I was getting especially good feedback on the sacrum work and the leg stretches (the backwards ones) and they are easy to do. As a receiver my favorite from these two videos was the backward leg stretch. I like receiving the sacrum and glute massage but it didn't like "wow" me - just gently relaxing I guess. Both Joleen and I really like the percussion though, super nice to give and receive. Anytime I like something like that for myself, I make a mental note that this is definitely going to be a part of my routine.
You and your wife are welcome to come visit us here in Kansas City, especially at this time of year the weather is just about as perfect as you can get, 70's and light breezes with lots of new flowers blooming and green! I wish I could build my massage therapy room in my backyard, which is so beautiful..............now I digress.
Here is hoping for cooler days for you
Thanks for the invitation. Who knows, we might take you up on it one day.
And you are right, you don't have to do all techniques although it is good to know them all. But we all have our preferences. Even for me, there are some moves which are typically done in traditional Thai Massage which I never do and don't teach because I don't like them for various reasons.
Doing massage is a very personal thing, and we are all different. That's a good thing and that's why there are so many therapists with so many different styles, and that's why clients can find a therapist who is a perfect match for them. We will never be the perfect match for everyone, and that includes me as well. We can just develop our style over time, and then we will attract clients who resonate with what we are doing.
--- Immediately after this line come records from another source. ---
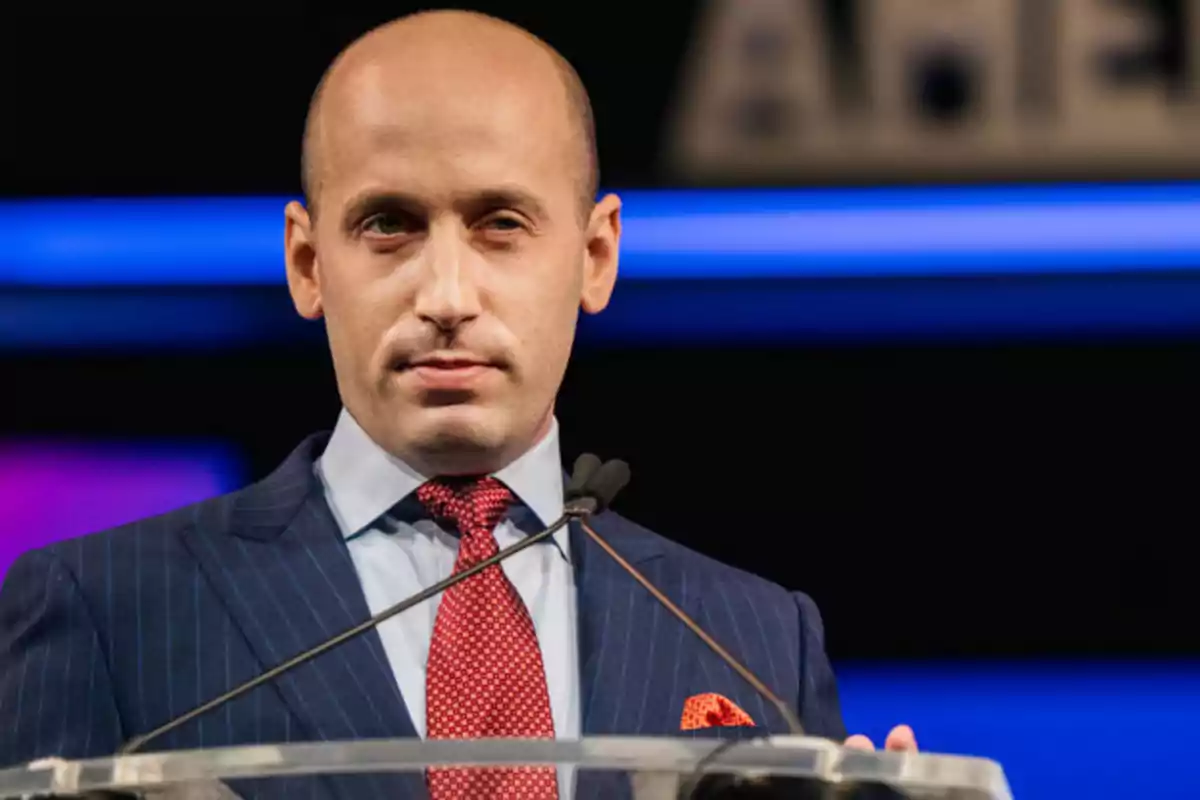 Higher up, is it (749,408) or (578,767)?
(749,408)

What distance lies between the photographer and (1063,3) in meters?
2.82

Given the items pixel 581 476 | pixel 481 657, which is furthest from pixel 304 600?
pixel 581 476

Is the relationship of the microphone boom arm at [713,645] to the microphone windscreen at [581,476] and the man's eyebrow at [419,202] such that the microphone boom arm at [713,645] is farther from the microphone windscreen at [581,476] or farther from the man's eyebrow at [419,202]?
the man's eyebrow at [419,202]

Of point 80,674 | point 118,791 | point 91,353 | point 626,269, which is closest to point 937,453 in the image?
point 626,269

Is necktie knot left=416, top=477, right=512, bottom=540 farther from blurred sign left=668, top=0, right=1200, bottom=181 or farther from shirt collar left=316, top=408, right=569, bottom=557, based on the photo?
blurred sign left=668, top=0, right=1200, bottom=181

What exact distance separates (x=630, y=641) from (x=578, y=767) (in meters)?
0.52

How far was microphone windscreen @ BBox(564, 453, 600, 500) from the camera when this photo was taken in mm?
1602

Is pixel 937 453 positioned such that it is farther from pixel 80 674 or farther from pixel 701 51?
pixel 80 674

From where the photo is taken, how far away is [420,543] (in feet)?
5.73

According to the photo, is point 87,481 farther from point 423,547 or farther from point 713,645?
point 713,645

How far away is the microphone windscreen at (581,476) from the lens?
1602 mm

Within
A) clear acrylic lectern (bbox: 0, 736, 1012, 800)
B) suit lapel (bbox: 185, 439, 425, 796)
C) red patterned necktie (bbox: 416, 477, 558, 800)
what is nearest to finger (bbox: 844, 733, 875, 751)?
clear acrylic lectern (bbox: 0, 736, 1012, 800)

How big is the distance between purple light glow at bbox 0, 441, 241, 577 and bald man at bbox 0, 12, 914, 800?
1.02m

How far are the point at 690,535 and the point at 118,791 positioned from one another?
1.69 m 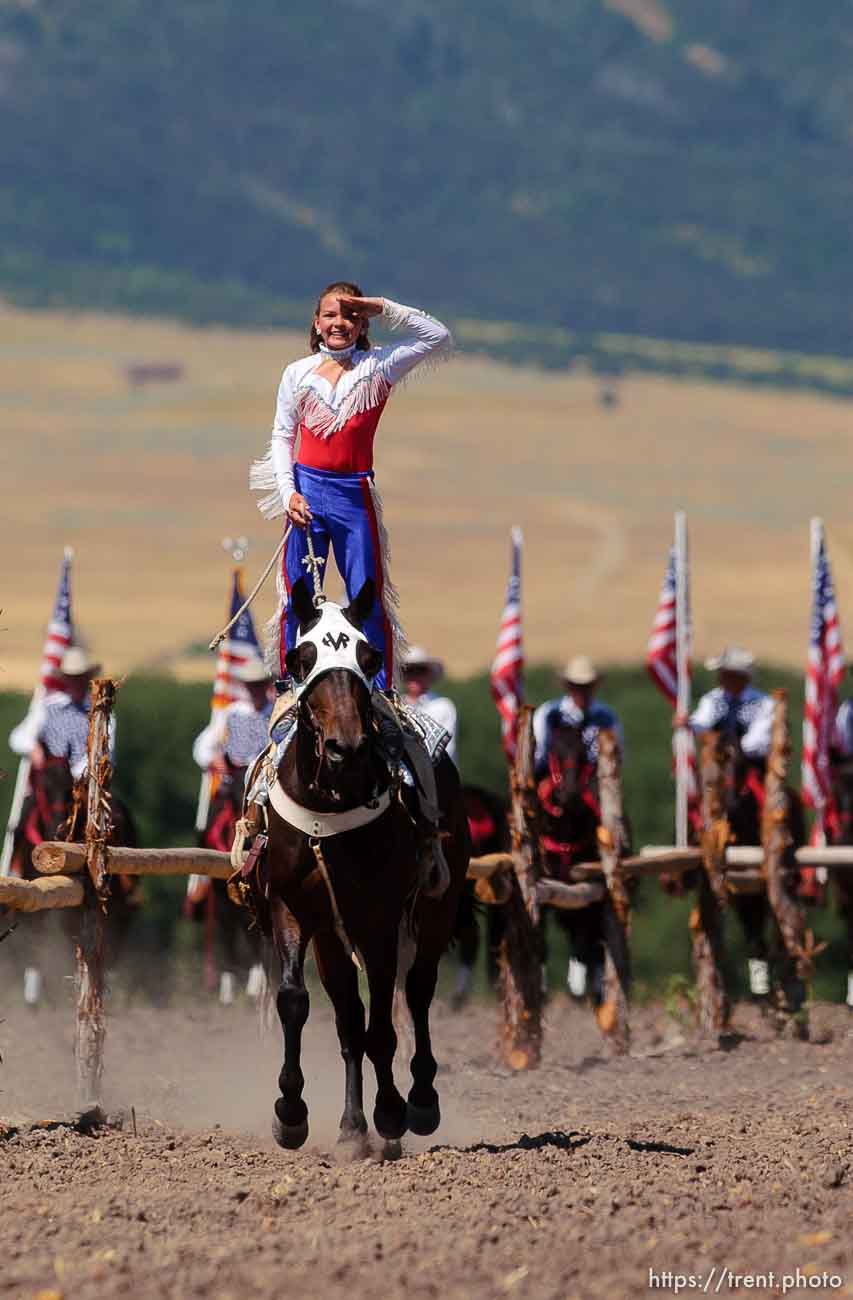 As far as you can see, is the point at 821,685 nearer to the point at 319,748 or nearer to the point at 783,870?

Hi Shama - So moving on to video 24 and 25 prone back, one reflection I had while working on this is it seems that when you enjoy having a technique done on you, I seem to be able to do it better when performing it on others - does that make sense? For me I can never get enough back work, since I have always had back issues. If there is any "not positive" feedback from these sessions, for me, the elbows are little more than I need and find thumbs, palm, and fingers are quite adequate for me.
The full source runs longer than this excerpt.